Task description -> Set down exactly the lines in the records below that run from the line with "LaLaGreen Wood Planter" to the line with "NCYP Glass Enclosure", inclusive, and nothing more.

Extracted records
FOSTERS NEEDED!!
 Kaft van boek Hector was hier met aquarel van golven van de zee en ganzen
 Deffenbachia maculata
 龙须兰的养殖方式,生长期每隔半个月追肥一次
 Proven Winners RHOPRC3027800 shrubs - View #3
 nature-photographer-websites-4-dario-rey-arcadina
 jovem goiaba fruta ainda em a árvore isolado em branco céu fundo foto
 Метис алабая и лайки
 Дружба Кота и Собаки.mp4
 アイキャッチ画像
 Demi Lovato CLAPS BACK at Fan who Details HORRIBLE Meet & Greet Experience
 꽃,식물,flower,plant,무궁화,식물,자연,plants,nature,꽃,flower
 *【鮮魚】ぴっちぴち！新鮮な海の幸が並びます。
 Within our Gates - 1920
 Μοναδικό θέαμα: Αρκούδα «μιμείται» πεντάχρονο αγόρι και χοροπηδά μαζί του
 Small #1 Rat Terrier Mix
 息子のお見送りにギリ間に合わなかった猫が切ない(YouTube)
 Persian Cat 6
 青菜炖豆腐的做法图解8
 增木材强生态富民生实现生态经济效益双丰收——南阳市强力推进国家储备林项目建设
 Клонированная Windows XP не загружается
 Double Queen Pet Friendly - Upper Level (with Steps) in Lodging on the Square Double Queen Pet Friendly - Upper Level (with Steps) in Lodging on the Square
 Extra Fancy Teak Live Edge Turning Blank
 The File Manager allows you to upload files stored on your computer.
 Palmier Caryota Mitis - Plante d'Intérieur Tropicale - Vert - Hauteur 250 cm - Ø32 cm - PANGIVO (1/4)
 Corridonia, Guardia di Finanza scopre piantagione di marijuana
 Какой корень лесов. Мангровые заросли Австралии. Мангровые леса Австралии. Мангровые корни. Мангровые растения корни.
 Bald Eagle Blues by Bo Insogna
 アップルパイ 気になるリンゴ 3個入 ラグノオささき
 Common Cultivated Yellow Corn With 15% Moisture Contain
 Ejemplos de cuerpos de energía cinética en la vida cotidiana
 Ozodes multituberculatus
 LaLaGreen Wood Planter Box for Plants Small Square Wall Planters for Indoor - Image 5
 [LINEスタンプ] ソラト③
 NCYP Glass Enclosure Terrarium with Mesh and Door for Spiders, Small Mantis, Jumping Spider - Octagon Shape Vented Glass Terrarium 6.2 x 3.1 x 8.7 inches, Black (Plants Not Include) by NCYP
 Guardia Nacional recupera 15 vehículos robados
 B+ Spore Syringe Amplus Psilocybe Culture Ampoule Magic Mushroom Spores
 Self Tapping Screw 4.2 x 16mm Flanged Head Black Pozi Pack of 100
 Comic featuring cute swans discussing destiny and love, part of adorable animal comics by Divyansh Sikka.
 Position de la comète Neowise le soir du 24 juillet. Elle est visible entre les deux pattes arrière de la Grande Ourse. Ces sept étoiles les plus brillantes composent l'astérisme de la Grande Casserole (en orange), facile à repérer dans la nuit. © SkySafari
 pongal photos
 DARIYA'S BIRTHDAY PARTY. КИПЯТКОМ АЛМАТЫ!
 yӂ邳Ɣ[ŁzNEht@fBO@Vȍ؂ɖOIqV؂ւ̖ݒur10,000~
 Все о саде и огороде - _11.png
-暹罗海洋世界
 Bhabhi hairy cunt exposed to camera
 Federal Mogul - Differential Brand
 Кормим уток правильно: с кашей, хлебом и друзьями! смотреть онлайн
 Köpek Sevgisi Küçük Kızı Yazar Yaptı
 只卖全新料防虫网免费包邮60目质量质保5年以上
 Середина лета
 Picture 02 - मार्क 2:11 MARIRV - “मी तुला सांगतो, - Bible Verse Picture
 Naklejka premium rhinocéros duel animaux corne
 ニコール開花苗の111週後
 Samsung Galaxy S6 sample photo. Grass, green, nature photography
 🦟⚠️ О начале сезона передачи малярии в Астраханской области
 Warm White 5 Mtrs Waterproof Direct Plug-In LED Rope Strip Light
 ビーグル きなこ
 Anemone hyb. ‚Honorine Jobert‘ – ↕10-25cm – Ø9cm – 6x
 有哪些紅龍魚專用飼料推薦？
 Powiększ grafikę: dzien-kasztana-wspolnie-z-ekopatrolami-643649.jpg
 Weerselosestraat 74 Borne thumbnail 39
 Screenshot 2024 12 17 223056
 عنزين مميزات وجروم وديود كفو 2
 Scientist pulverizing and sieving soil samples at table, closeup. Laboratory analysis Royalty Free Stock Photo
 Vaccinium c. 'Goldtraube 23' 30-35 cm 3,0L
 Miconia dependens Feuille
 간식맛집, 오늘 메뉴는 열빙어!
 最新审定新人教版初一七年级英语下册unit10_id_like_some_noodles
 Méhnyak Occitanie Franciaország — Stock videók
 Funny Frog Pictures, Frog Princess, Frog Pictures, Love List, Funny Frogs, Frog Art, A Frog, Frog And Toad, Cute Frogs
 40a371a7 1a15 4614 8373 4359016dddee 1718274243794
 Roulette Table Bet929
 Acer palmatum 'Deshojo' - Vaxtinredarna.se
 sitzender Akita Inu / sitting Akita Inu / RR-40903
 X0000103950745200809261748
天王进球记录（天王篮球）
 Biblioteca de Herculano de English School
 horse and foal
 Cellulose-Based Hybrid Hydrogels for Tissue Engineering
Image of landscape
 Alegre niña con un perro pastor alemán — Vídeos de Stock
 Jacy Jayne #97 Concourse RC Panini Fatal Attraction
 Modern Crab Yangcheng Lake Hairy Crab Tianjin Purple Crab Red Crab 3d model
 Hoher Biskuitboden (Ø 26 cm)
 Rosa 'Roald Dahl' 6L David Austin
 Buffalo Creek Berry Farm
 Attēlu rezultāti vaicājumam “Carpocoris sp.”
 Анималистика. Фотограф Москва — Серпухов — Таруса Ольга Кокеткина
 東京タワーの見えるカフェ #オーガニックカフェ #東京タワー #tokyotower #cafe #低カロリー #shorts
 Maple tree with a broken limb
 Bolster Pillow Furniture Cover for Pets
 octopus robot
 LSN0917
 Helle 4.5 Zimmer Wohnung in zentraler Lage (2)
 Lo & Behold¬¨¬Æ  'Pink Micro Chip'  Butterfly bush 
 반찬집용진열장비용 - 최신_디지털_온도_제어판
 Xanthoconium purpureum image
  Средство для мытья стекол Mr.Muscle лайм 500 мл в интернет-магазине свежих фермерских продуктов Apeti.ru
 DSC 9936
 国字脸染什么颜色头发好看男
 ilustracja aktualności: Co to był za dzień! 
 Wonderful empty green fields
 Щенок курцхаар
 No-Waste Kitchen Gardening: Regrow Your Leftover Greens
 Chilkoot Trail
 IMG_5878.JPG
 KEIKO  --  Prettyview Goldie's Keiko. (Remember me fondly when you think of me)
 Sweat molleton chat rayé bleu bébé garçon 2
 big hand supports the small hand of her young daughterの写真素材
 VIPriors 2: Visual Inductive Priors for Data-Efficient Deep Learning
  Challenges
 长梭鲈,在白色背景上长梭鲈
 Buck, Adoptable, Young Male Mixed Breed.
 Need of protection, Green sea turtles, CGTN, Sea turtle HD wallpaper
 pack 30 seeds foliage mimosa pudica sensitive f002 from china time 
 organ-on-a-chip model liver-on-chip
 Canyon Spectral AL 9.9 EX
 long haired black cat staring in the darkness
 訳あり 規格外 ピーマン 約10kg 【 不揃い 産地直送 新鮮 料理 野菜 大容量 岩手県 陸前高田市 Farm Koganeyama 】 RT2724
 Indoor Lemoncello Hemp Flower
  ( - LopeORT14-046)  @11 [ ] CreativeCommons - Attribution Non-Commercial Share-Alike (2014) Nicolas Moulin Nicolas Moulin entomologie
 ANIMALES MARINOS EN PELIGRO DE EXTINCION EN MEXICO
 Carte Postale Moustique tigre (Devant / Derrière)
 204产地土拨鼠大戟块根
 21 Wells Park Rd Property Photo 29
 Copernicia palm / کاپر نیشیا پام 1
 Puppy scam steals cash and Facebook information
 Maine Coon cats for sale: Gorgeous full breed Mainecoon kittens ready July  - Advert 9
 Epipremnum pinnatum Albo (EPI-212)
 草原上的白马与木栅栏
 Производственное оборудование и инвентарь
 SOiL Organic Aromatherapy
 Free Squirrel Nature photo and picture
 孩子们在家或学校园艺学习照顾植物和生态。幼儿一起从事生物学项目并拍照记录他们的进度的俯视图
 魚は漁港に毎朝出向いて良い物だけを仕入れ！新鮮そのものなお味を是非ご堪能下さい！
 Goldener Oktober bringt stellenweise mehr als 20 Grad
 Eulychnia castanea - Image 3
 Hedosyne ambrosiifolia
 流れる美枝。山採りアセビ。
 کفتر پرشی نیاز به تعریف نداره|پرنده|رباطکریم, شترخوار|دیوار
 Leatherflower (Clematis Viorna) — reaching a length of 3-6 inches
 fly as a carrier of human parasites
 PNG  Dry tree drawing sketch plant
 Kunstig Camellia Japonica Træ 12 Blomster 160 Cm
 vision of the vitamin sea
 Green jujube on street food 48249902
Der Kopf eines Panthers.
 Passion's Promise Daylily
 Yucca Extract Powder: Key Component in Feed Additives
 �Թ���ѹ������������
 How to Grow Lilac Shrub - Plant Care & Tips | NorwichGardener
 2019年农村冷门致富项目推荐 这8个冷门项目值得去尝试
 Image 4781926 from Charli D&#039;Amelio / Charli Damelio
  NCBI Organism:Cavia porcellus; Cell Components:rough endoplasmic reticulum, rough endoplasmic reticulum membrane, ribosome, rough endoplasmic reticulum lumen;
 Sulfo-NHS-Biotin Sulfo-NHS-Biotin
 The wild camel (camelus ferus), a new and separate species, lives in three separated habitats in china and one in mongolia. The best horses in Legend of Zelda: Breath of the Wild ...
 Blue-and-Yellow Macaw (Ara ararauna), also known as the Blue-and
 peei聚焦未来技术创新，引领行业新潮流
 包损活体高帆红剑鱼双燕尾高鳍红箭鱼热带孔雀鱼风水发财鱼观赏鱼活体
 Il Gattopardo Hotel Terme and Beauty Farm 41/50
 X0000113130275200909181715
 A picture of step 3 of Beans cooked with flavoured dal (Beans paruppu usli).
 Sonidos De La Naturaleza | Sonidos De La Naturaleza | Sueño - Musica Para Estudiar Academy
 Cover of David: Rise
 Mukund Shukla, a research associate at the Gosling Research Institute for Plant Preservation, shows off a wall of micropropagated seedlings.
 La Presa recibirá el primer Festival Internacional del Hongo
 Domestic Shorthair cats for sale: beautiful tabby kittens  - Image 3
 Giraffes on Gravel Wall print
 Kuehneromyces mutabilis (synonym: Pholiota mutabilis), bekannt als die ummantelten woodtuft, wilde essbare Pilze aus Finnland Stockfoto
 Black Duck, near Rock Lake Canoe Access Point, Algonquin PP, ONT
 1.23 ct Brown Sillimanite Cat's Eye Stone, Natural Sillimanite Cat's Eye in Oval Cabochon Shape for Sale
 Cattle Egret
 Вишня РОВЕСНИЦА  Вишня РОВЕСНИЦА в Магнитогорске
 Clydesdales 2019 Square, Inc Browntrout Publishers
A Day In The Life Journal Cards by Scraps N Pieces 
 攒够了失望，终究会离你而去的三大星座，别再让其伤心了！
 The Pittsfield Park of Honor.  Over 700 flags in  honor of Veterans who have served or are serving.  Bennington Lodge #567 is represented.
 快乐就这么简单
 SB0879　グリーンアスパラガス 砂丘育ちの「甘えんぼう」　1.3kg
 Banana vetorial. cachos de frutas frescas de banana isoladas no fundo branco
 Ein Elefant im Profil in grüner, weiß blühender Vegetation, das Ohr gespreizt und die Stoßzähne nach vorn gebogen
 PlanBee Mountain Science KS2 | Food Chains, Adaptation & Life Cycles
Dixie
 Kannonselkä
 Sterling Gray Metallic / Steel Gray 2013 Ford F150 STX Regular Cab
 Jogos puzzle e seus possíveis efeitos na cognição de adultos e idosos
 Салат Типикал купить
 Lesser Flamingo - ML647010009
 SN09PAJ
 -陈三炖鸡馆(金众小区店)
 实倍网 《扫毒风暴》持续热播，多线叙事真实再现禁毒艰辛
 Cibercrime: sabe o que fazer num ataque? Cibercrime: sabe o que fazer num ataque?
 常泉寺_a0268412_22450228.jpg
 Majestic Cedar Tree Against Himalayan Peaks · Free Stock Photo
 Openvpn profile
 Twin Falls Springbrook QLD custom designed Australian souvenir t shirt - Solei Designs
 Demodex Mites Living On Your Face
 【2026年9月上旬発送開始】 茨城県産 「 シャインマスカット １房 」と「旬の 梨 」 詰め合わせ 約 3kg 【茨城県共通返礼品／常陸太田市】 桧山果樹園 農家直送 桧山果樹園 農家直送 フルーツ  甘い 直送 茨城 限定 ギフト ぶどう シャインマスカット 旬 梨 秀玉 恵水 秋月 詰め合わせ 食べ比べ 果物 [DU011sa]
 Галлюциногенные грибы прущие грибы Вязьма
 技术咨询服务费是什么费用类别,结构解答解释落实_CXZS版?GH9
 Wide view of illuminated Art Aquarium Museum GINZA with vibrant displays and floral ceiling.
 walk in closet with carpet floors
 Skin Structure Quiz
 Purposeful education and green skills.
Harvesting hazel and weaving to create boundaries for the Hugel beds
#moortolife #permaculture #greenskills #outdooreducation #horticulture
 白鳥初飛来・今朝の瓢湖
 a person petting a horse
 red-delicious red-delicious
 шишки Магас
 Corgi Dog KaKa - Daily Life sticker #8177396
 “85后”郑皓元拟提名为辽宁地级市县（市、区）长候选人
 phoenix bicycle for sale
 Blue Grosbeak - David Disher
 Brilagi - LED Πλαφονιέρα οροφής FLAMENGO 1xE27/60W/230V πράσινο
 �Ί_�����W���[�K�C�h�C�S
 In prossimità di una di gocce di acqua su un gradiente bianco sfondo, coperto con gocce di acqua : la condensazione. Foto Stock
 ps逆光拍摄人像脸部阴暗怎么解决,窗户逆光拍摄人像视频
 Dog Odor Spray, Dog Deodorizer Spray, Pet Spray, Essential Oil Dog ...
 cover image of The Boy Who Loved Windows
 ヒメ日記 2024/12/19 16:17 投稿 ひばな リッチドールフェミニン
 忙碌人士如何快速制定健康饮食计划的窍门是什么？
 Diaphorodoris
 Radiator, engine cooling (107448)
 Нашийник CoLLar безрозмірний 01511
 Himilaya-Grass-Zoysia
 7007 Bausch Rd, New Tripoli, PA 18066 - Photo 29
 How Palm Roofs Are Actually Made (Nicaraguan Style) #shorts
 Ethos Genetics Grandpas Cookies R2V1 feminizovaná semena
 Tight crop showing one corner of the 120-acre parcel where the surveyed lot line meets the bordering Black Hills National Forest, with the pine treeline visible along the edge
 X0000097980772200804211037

Solution to this exercise ->
 LaLaGreen Wood Planter Box for Plants Small Square Wall Planters for Indoor - Image 5
 [LINEスタンプ] ソラト③
 NCYP Glass Enclosure Terrarium with Mesh and Door for Spiders, Small Mantis, Jumping Spider - Octagon Shape Vented Glass Terrarium 6.2 x 3.1 x 8.7 inches, Black (Plants Not Include) by NCYP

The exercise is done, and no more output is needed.